Flow is decidedly not a compiler: it’s only a type checker. To run JavaScript annotated with Flow types, we first strip the types (with something like Babel). All information about the types vanishes when we run the code.Even though TypeScript defines both a language and a compiler for that language, in practice it’s not much different from Flow here. A goal of the TypeScript compiler is to generate JavaScript that closely resembles the original TypeScript, so it doesn’t do compile-time optimizations based on the types.

What can we achieve if we were to keep the types around all the way through compilation?

Reason (i.e., ReasonML) is an exciting effort to bring all the benefits of the OCaml tool chain to the web. In particular, Reason works using OCaml’s mature optimizing compiler alongside BuckleScript (which turns OCaml to JavaScript) to emit great code.

To see what I mean, let’s re-implement our Screen type and needsCancelButton function, this time in Reason:

type screen =
  | LoadingScreen
  | CodeEntryScreen
  | SuccessScreen;

let needsCancelButton = (screen: screen): bool => {
  switch (screen) {
  | LoadingScreen => true;
  | CodeEntryScreen => true;
  | SuccessScreen => false;
  }
};

Looks pretty close to JavaScript with Flow types, doesn’t it? The biggest difference is that the case keyword was replaced with the | character. Making the way we define and use union types look the same is a subtle reminder to always pair union types with switch statements! More than being a nice reminder, it makes it easy to copy / paste our type definition as boilerplate to start writing a new function!

Another difference: Reason handles exhaustiveness checking out of the box. 🙂

What does the Reason output look like?

// Generated by BUCKLESCRIPT VERSION 3.0.1, PLEASE EDIT WITH CARE
'use strict';

function needsCancelButton(screen) {
  if (screen >= 2) {
    return false;
  } else {
    return true;
  }
}

(Play with it on Try Reason →)

Not bad! Telling Reason that our function was exhaustive let it optimize the entire switch statement back down to a single if statement. In fact, it gets even better: when we run this through uglifyjs, it removes the redundant true / false:

"use strict";
function needsCancelButton(n){
  return !(n>=2)
}

Wow! This is actually better than our initial, hand-written if statement. Reason compiled what used to be a string literal 'SuccessScreen' to just the number 2. Reason can do this safely because custom-defined types in Reason aren’t strings, so it doesn’t matter if the names get mangled.

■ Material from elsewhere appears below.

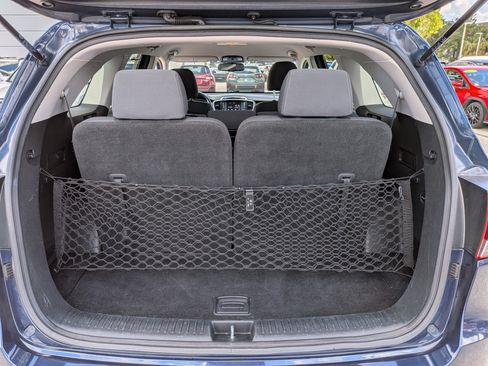 Used 2019 Kia Sorento AWD w/ LX Convenience Package image 13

Taking a step back, Reason’s type system delivered on the promise of types in a way Flow couldn’t:

I’m really excited about Reason. 😄 It has a delightful type system and is backed by a decades-old optimizing compiler tool chain. I’d love to see more people take advantage of improvements in type systems to write better code!


Appendix: Other Compile-to-JS Runtimes

The above analysis only considered Flow + Babel and Reason. But then I got curious about how other typed languages that compile to JavaScript compare on the optimizations front:

TypeScript

Despite being a language and compiler, TypeScript maintains a goal of compiling to JavaScript that closely resembles the source TypesScript code. TypeScript has three language constructs for working with exhaustiveness:

  1. union types (identical to the Flow unions that we’ve been talking about),
  2. enums, which are sort of like definition a group of variable constants all at once, and
  3. const enums which are like enums except that they’re represented more succinctly in the compiled output.

TypeScript’s union type over string literals are represented the same way as Flow, so I’m going to skip (1) and focus instead on (2) and (3).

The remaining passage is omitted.